Sapi Island is a short jet-boat ride from Kotakinabalu, the pretty
capital of Sabah, Malaysian Borneo. 8º North latitude. At the Kotakinabalu jetty, there were floating pink jelly-fish the size of musk-melons. This time at least I could shout wolf without fear of being derided as a drama-queen. Our dive instructor was Jason, a native Sabahan who spoke the lilting Singaporean/Malay English with the delightful ‘la’ at the end of a sentence. “I am your guide la”, “I go, you follow la!” I guessed he’d be about 55, but he had a body like a whippet, gunned the boat like the devil himself and was a PADI instructor. In short, he inspired confidence. At Pulau (Island) Sapi, standing in waist-deep water of the South China Sea, he gave us a thorough half hour run-down on all that we needed to know for the upcoming one-hour dive. We were on our deepest dive yet – 14 m, or as high as a three-storeyed building as Jason told it. Just a metre or two below the surface, the water turned cold. There seemed to be a lot of sediment in the water, churned up from the white sand dunes stretching in all directions on the sea floor. At this depth, the reef was not particularly dense either. This time, I was wearing a mask with powered lenses for my myopia, and could finally get a fish-eye view of the underwater world without getting eyeball to eyeball with the demented-looking creatures. Jason let a long red and yellow striped sea-snake pass over his hand. I dared not. The small fish came investigating. I think at least two tried to take advantage of me being in unfamiliar territory and nipped me on my legs. No piranhas here, so I decided to take no notice of the cheeky fish.

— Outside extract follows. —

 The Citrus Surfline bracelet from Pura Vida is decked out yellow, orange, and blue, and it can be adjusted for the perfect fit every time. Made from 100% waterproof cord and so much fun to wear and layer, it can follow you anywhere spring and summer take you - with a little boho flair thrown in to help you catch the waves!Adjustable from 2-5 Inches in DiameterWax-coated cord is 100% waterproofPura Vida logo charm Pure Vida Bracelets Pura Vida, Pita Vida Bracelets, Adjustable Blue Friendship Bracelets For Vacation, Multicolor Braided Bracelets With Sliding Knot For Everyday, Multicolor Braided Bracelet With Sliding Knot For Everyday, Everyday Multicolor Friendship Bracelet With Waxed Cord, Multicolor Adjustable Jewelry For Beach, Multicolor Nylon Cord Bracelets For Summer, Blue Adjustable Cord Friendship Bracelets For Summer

When we returned to shore, our boys (we had two – two and three years old) were in the good care of our Sabahan friends June and Ray, and a big, friendly WWF-Sabah field team. They were both in the water, frisking about excitedly like two little cartoon suns in their bright yellow life-jackets. The younger one shrieked when he saw me, “See Mum-mum, the fisss is bitin’ meee!” A shoal of blue-white striped fish had surrounded him, looking for food. He could touch the darting fish! They are too young to snorkel yet, and can’t dive until they are 16, when their lungs will be well-developed, but they managed to put on their goggles and hold their breaths long enough to peep under the surface. What a world they must have espied just on that little patch off the beach! The Tunku Abdul Rahman Marine National Park authorities had put a nylon line with buoys to mark a large ring for snorkellers. I made for the far end, trying to leave behind some decidedly hairy, wormy things crawling on the sand. I chanced upon a mixed school of little fish feeding on the spines of a violet sea-urchin. Suddenly, a big bully of a pied fish, as long as my forearm, came charging and scattered them. Then he gave me a how-smart-I-am look - very like the late-comer college boy in the Mentos Dimag ki batti jala de ad - and proceeded to polish off the sea-urchin all by himself. On another part of the reef, the story of the small fish pretending-to-be-a-big-fish was being played out again…
Small animals, big value
Coral reefs are the lungs
of the sea, the way tropical rain-forests are on land. One of the most bio-diverse ecosystems on earth, reefs harbour over 2 million species, and provide food security, income and protection from hurricanes. According to the WWF Marine Program, South-east Asia’s reef fisheries alone are worth US $ 2.4 billion annually. The Great Barrier Reef of Australia is 2300 km long and 30,000 km² in area and is the only natural feature of earth than can be seen from space. It is amazing to think that such a structure has been built over the millennia by a humble animal called the coral polyp. The coral polyp feeds on suspended organic matter and the photosynthetic byproducts of its symbiotic algae, exudes a calcareous skeleton and builds up in shallow tropical seas at the rate of a mere 150 mm/year! Unfortunately, like the tropical forests, the world’s reefs are being destroyed at an unprecendented rate by over fishing, effluents and sediments, excessive tourism and the big ghost of all – global warming.
Anyone can reef watch
The good news is that we
have some of the world’s best, still-clean reefs right on our territory – in the Andamans and Lakshwadeep (which is the same chain of atolls as the Maldives). There is also good diving to be had off the mainland in Goa and Karwar (Karnataka). Almost anyone who is healthy, from 18 to 80 (as one website blithely says!), can go diving. If you haven’t got around to learning how to swim, you can at least put on a life jacket and snorkel in a safe area off the beach – it is just as wonderful. For all those who appreciate Nature (and who doesn’t?), this is a must-have experience at least once in a lifetime. The beauty and wonder will become part of you. (And remember, no matter now pretty they look at the beachside markets, you must please never buy corals – even if it is dead matter. Because they are the building blocks for the reefs and beaches, they are the hide-and-seek place for the little fish and they simply have no place in your living room or jewellery box).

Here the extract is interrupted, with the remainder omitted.